Login to Polaris using the following terminal command:

ssh <your ALCF username>@polaris.alcf.anl.gov

Password: copy passcode from MobilePASS+

2. Copy and Update endpoint template_config.yaml file

From the als-computing/als_at_alcf_tomopy_compute repository, copy template_config.yaml into your home directory on Polaris (eagle/home/<your ALCF username>).

Ex: using vim on Polaris

vim template_config.yaml
Paste file contents once the editor opens up
To save, type:
- :wq! and press enter.
The view should switch back to the command line.

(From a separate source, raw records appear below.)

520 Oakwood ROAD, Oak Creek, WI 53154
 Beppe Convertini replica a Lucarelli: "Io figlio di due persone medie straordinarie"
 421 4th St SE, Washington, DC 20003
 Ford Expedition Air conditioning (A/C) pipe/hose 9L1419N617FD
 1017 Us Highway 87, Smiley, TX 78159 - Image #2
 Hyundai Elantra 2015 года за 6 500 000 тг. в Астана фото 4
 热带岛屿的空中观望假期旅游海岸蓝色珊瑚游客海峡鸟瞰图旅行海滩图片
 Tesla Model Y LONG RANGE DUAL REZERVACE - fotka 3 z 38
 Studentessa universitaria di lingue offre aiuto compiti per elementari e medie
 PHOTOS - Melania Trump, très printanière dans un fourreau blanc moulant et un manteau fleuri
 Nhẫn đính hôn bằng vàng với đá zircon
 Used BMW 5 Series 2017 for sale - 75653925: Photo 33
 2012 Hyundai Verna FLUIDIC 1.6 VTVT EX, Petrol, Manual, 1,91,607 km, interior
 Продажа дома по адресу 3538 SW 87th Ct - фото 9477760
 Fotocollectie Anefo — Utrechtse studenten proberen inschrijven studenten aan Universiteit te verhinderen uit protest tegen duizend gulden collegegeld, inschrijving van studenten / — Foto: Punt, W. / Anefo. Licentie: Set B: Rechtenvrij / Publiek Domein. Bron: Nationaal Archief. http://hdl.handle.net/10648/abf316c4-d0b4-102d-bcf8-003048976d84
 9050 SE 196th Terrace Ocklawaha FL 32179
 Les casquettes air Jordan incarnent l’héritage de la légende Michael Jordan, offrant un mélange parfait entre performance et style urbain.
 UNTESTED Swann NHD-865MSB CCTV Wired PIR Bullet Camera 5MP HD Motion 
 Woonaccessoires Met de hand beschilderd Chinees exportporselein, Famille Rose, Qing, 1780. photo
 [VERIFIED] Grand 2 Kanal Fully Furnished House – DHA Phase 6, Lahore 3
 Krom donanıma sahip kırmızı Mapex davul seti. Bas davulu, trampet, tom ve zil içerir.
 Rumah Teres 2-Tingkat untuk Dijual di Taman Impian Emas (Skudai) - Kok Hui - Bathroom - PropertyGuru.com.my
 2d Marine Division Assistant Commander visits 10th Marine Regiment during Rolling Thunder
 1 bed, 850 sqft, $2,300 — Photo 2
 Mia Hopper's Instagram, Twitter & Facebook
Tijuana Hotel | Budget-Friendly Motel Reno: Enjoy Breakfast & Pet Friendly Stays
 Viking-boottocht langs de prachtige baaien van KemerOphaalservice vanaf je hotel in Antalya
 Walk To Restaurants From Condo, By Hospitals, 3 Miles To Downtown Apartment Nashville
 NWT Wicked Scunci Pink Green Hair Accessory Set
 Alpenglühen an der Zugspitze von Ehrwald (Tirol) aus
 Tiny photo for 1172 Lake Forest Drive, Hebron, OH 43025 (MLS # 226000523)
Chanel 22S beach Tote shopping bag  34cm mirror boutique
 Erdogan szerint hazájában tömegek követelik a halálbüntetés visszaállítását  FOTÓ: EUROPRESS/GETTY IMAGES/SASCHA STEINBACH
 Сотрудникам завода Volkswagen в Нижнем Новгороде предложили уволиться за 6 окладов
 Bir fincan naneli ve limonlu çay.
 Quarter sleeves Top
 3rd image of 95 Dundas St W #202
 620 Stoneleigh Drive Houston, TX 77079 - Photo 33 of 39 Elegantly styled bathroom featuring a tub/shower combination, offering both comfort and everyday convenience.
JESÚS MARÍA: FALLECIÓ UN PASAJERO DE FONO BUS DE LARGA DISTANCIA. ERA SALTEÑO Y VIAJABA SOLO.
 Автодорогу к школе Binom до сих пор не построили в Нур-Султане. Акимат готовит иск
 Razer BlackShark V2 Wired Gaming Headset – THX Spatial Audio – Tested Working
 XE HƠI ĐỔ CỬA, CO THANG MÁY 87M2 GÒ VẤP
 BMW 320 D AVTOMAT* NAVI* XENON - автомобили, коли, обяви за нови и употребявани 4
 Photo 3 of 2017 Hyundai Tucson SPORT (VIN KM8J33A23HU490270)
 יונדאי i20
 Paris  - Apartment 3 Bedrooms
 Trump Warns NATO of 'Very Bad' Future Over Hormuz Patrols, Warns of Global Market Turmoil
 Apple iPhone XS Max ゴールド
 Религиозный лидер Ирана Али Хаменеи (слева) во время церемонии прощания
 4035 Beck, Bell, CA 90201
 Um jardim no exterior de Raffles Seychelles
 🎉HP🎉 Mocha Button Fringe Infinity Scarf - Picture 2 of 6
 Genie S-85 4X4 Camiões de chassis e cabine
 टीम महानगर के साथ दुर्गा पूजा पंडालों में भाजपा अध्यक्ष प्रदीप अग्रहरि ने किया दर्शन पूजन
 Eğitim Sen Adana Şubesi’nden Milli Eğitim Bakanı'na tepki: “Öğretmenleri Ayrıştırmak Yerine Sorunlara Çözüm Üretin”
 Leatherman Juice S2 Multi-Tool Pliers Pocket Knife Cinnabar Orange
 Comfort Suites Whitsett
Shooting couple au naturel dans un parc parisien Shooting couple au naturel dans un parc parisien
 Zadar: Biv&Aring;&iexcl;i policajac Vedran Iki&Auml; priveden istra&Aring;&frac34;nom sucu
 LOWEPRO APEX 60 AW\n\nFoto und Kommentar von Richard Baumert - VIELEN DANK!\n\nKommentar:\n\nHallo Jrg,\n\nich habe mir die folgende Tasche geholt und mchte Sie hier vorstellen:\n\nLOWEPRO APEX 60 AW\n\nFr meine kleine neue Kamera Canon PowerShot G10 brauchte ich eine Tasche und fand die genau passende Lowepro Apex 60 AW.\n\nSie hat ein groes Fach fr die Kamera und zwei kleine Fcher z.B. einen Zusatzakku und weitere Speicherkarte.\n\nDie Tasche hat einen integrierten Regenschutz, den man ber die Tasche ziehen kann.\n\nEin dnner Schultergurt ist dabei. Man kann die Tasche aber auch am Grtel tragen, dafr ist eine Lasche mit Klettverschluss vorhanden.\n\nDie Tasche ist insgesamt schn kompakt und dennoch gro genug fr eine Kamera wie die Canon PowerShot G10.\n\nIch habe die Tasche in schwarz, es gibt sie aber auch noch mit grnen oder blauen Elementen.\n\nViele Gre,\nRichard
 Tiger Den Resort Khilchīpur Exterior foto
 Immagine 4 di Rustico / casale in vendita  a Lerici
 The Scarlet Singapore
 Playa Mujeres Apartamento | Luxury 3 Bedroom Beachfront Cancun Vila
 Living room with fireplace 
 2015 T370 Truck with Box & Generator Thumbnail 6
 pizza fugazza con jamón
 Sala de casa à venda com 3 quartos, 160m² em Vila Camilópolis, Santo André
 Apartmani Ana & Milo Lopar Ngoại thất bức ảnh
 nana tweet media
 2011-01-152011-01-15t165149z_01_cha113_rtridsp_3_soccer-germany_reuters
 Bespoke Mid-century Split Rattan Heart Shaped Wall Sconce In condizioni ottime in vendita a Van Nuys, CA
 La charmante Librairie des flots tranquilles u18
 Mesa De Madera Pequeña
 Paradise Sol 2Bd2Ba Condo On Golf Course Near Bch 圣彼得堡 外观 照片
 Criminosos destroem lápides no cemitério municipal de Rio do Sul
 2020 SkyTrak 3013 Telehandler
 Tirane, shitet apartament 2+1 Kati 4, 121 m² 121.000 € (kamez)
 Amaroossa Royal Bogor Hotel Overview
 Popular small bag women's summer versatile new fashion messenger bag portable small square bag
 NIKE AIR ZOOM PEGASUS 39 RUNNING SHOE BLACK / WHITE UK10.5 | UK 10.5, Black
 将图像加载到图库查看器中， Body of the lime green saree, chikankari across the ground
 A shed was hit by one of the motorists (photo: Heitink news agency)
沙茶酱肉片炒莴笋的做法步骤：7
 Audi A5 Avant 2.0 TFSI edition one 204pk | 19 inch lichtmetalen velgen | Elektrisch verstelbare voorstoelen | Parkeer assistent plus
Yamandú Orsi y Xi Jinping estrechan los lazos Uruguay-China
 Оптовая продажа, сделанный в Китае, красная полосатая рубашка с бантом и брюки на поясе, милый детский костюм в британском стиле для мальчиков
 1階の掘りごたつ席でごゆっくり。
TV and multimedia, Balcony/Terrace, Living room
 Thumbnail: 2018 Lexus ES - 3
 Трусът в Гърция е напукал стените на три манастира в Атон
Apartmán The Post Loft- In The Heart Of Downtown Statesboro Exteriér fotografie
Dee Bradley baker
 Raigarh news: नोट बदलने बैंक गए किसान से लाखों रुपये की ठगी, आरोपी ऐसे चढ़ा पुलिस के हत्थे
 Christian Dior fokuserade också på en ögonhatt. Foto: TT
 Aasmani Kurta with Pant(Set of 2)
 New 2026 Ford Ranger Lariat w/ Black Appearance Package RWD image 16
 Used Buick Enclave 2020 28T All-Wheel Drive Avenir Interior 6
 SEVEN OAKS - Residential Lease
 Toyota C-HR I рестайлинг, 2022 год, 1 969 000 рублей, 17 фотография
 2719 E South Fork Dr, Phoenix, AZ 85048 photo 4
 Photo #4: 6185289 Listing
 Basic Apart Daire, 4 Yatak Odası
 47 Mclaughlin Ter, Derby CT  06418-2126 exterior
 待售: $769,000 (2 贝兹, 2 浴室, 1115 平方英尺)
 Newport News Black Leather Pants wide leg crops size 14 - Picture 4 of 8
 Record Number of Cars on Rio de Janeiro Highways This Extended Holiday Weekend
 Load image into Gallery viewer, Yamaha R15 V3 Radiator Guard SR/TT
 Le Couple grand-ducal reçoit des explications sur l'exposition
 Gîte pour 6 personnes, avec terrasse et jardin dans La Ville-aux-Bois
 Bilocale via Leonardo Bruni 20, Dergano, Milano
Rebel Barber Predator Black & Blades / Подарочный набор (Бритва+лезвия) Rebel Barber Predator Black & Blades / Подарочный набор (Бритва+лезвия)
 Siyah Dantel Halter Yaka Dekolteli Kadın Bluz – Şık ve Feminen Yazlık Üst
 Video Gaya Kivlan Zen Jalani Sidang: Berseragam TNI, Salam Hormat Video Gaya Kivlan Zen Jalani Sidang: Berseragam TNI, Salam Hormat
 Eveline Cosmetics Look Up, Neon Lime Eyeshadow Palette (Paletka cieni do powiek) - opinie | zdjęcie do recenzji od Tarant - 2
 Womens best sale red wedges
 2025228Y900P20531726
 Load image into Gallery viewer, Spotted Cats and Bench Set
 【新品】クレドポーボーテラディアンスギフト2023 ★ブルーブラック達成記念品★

Note: template_config.yaml needs to be updated to account for the new version of globus-compute-endpoint:

What you need to change is that you should replace this:

strategy:
    max_idletime: 300
    type: SimpleStrategy
type: GlobusComputeEngine

with this:

strategy: simple
job_status_kwargs:
    max_idletime: 300
    strategy_period: 60
type: GlobusComputeEngine

These new settings also introduce a parameter "strategy_period" that controls the frequency with which the endpoint checks pbs for completed jobs. The default was 5 seconds, and this change makes it 60 seconds.

3. Use an existing Globus Confidential Client, or create a new one

In your browser, navigate to globus.org
Login
On the left, navigate to "Settings"
On the top navigation bar, select "Developers"
On the right under Projects, create a new project called Splash Flows or select an existing one
Create a new registered app called Splash Flows App, or select an existing one
Generate a secret
Store the confidential client UUID and Secret (note: make sure you copy the Client UUID and not the Secret UUID)

Note: If you create a new service client, you will need to get permissions set by the correct person at ALCF, NERSC or other facility to be able to use it for transfer endpoints.

4. Log into `globus-compute-endpoint` on Polaris with the service confidential client

In your terminal on Polaris, set the following global variables with the Globus Confidential Client UUID and Secret respectively. Check the documentation here for more information (https://globus-compute.readthedocs.io/en/stable/sdk.html#client-credentials-with-clients). Globus-compute-endpoint will then log in using these credentials automatically:

export GLOBUS_COMPUTE_CLIENT_ID="<UUID>"
export GLOBUS_COMPUTE_CLIENT_SECRET="<SECRET>"

Note: you can make sure you are signed into the correct account by entering:

globus-compute-endpoint whoami

If you are signed into your personal Globus account, make sure to sign out completely using:

globus-compute-endpoint logout

5. Start globus-compute `tomopy` environment and activate the endpoint

On Polaris, enter the following commands to activate a Conda environment configured to run reconstruction using tomopy and globus-compute-endpoint.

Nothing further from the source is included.